Write out every record below exactly as it appears, omitting the pictures.

- _RECORDS TO PROCESS_:
Segment Open

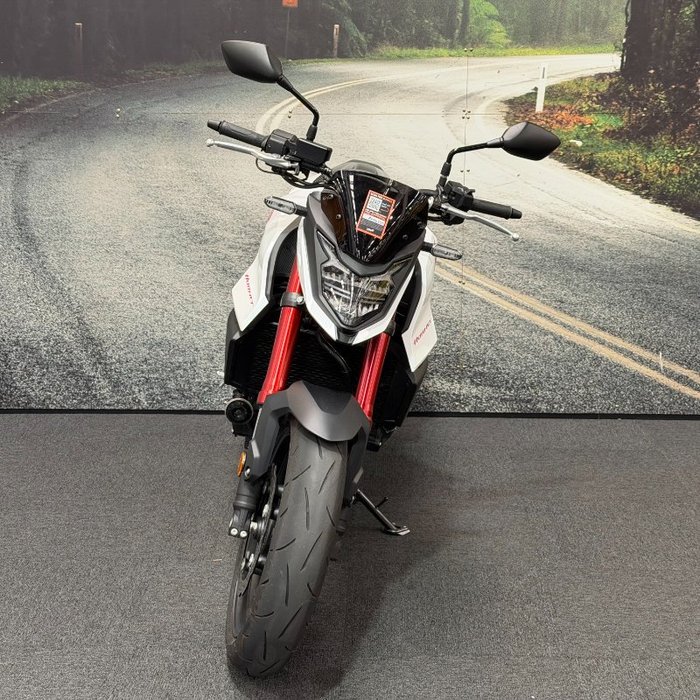 2023 Honda 2023 Honda NAKED CB750 (Hornet) White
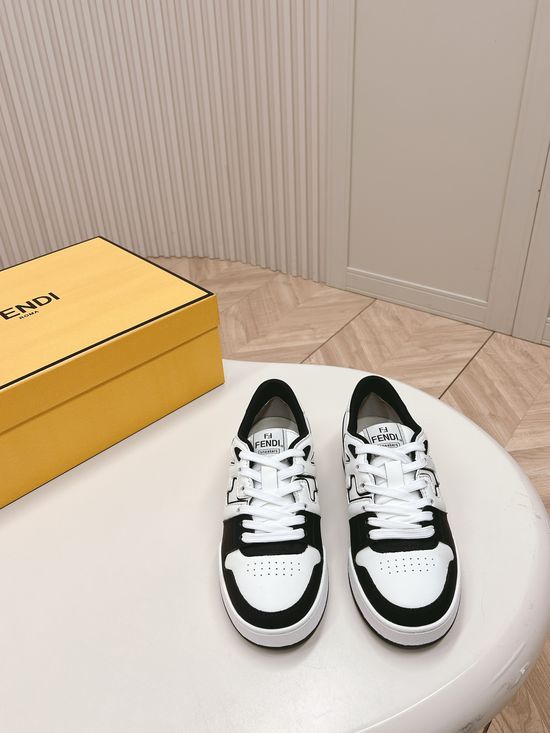 Fendi Classic Spliced Leather Casual Sneakers Versatile Daily Footwear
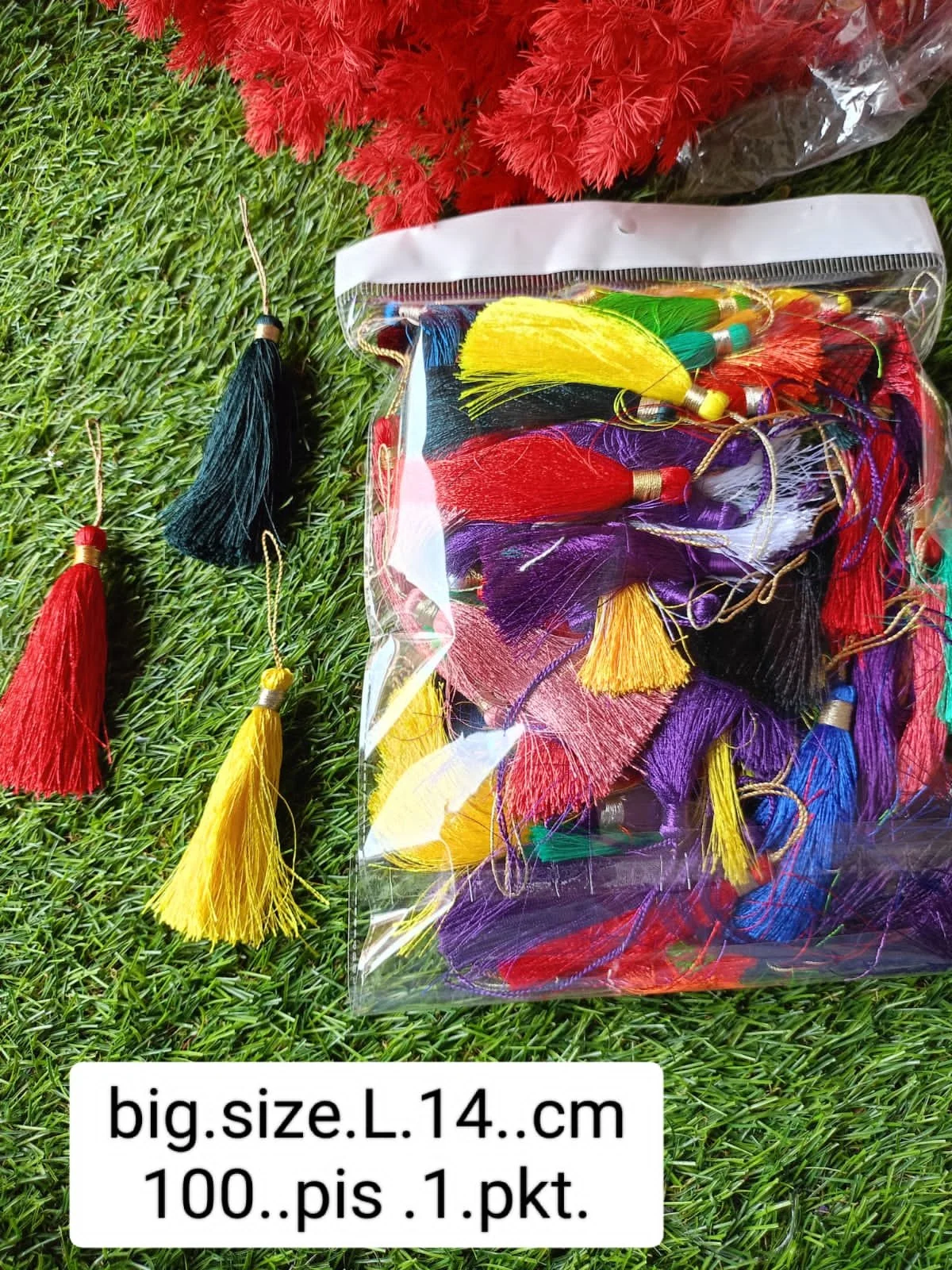 Tassle / 100 Pcs Pkt
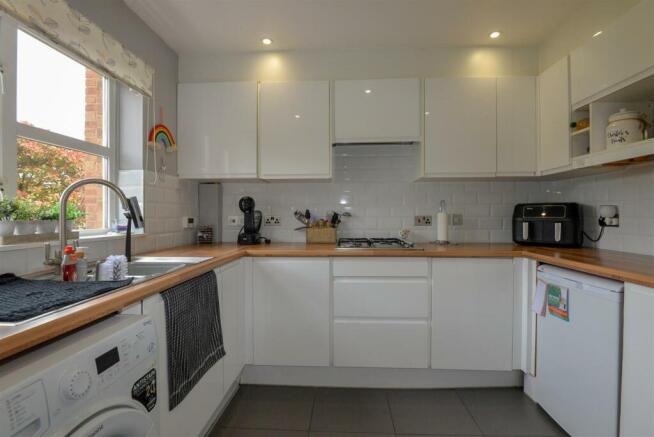 Kitchen 1.jpg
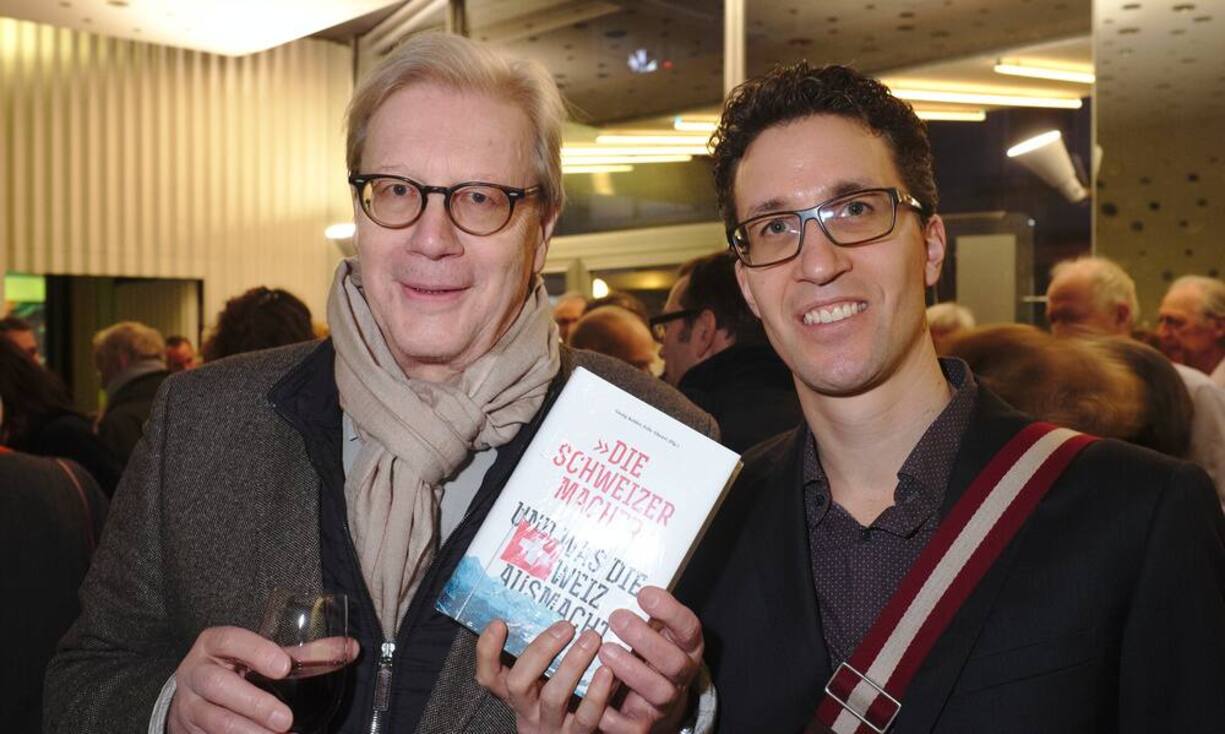 Die beiden Herausgeber des Buches «Die Schweizermacher - Und was die Schweiz ausmacht»: Georg Kohler und Felix Ghezzi (von links nach rechts)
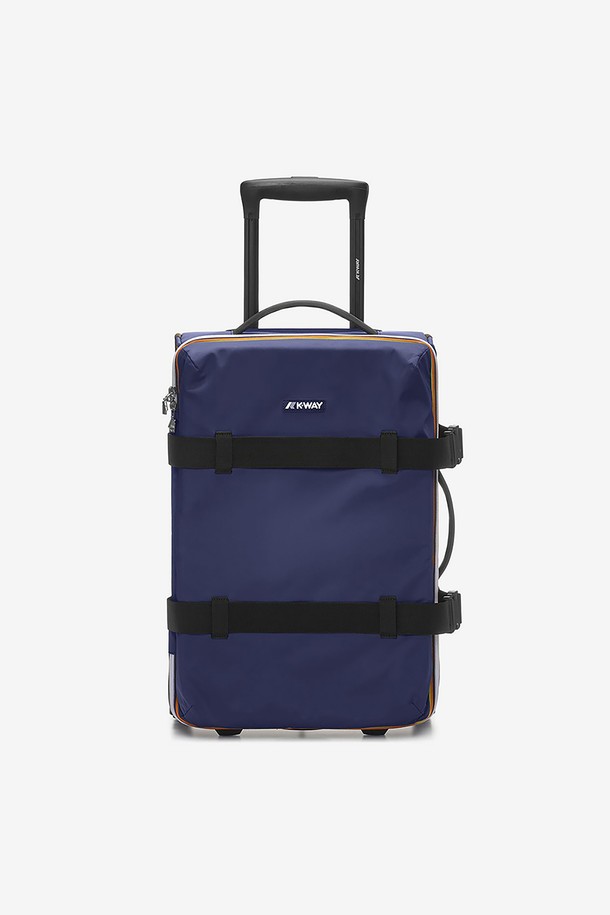 까웨(KWAY) 블로삭 S 여행용 캐리어 Y255EOO196은 네이비 색상의 공용 캐리어로, 여행 시 유용합니다. 나일론, 폴리에스테르, 열가소성수지 소재로 제작되었으며, 방수 및 방풍 기능과 튼튼한 립스탑 원단, 2mm 테이프 보강으로 내구성을 높였습니다. S 사이즈의 사각 형태 가방은 더블휠, 4륜 바퀴, 상/사이드 손잡이, 분리형 네임택, 다용도 수납공간, 2-WAY 지퍼, 지퍼형 잠금방식을 갖추었습니다.
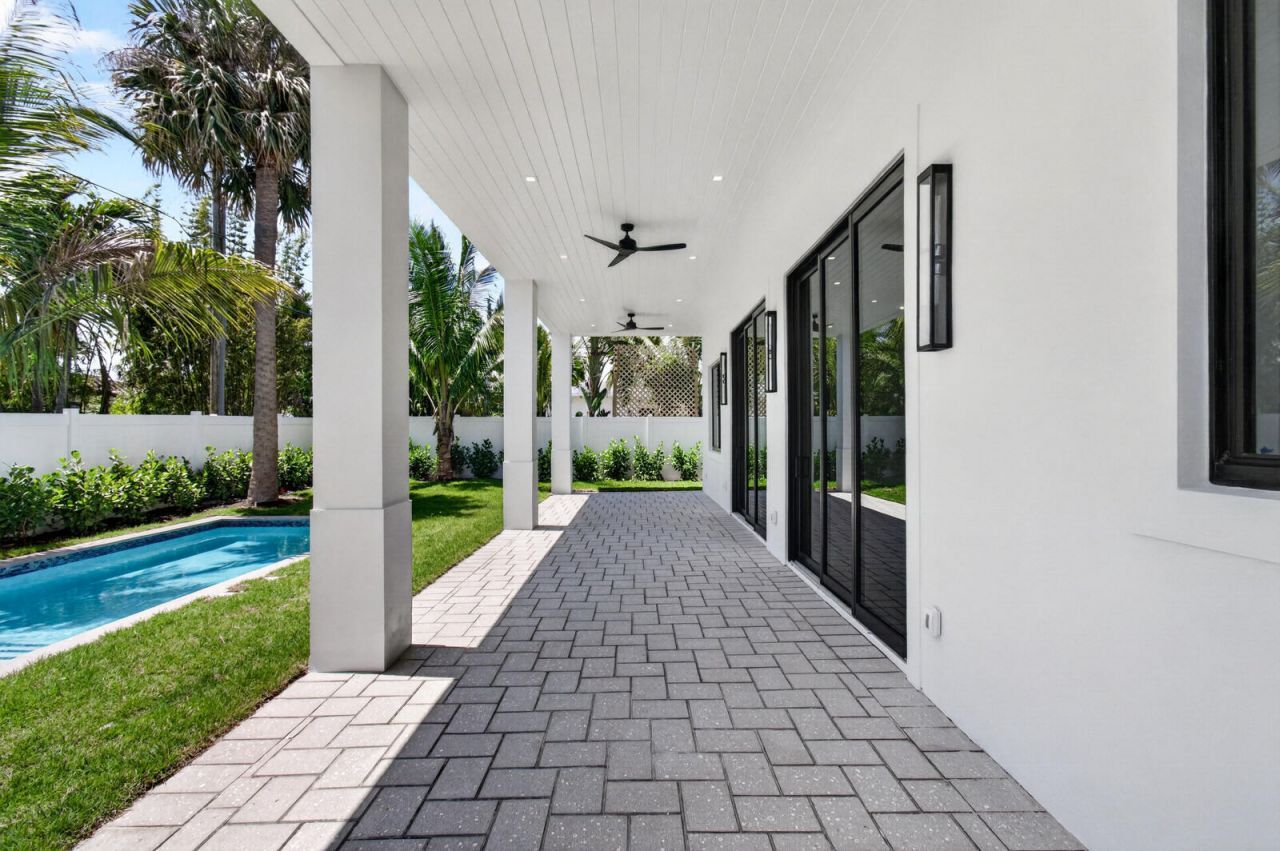 354 Leigh Road, West Palm Beach, FL 33405 Photo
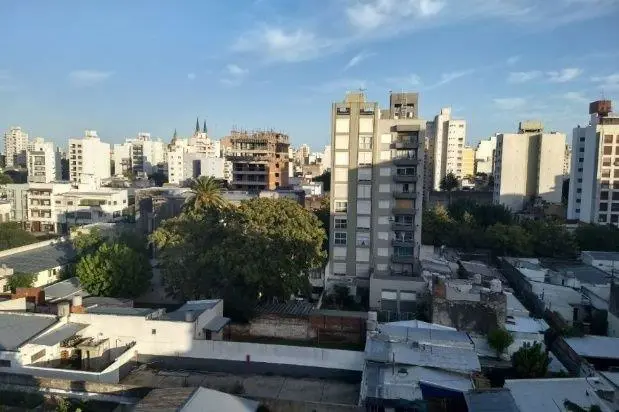 alt title parcialmente nublado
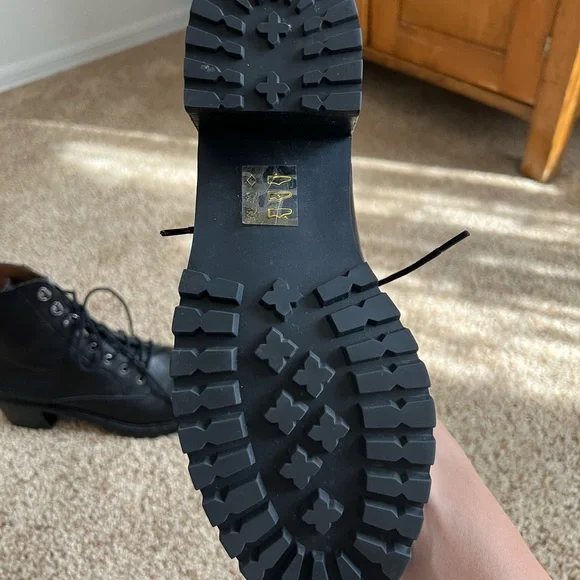 Black Leather Lace-Up Boots - Picture 5 of 9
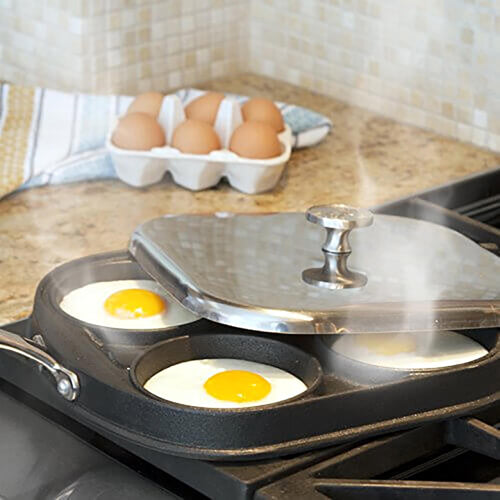 Padella per uova nordic ware NW 01900 Kunzi Shop
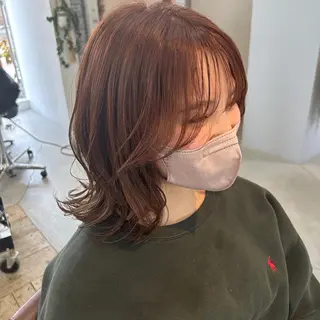 ミディアム 綿貫 美雪のヘアスタイル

Segment Closed

- _EXERCISE RESULT_:
 2023 Honda 2023 Honda NAKED CB750 (Hornet) White
 Fendi Classic Spliced Leather Casual Sneakers Versatile Daily Footwear
 Tassle / 100 Pcs Pkt
 Kitchen 1.jpg
 Die beiden Herausgeber des Buches «Die Schweizermacher - Und was die Schweiz ausmacht»: Georg Kohler und Felix Ghezzi (von links nach rechts)
 까웨(KWAY) 블로삭 S 여행용 캐리어 Y255EOO196은 네이비 색상의 공용 캐리어로, 여행 시 유용합니다. 나일론, 폴리에스테르, 열가소성수지 소재로 제작되었으며, 방수 및 방풍 기능과 튼튼한 립스탑 원단, 2mm 테이프 보강으로 내구성을 높였습니다. S 사이즈의 사각 형태 가방은 더블휠, 4륜 바퀴, 상/사이드 손잡이, 분리형 네임택, 다용도 수납공간, 2-WAY 지퍼, 지퍼형 잠금방식을 갖추었습니다.
 354 Leigh Road, West Palm Beach, FL 33405 Photo
 alt title parcialmente nublado
 Black Leather Lace-Up Boots - Picture 5 of 9
 Padella per uova nordic ware NW 01900 Kunzi Shop
 ミディアム 綿貫 美雪のヘアスタイル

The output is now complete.